Which lines run from the one containing "New Orleans Pelicans Living Room Area Rug" through the end of the entries? Restate them word for word, and only those.

*** Block opens ***

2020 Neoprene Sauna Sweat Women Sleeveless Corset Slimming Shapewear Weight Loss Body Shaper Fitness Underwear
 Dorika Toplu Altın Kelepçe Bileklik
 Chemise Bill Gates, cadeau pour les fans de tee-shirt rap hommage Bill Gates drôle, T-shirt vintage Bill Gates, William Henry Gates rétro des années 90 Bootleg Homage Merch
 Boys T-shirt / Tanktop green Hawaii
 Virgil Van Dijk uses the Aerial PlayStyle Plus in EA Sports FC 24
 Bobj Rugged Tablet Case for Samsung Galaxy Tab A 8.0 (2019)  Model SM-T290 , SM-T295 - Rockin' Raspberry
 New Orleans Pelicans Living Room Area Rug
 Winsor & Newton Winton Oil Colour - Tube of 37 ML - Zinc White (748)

*** Block closes ***

Reply to the exercise >>
 New Orleans Pelicans Living Room Area Rug
 Winsor & Newton Winton Oil Colour - Tube of 37 ML - Zinc White (748)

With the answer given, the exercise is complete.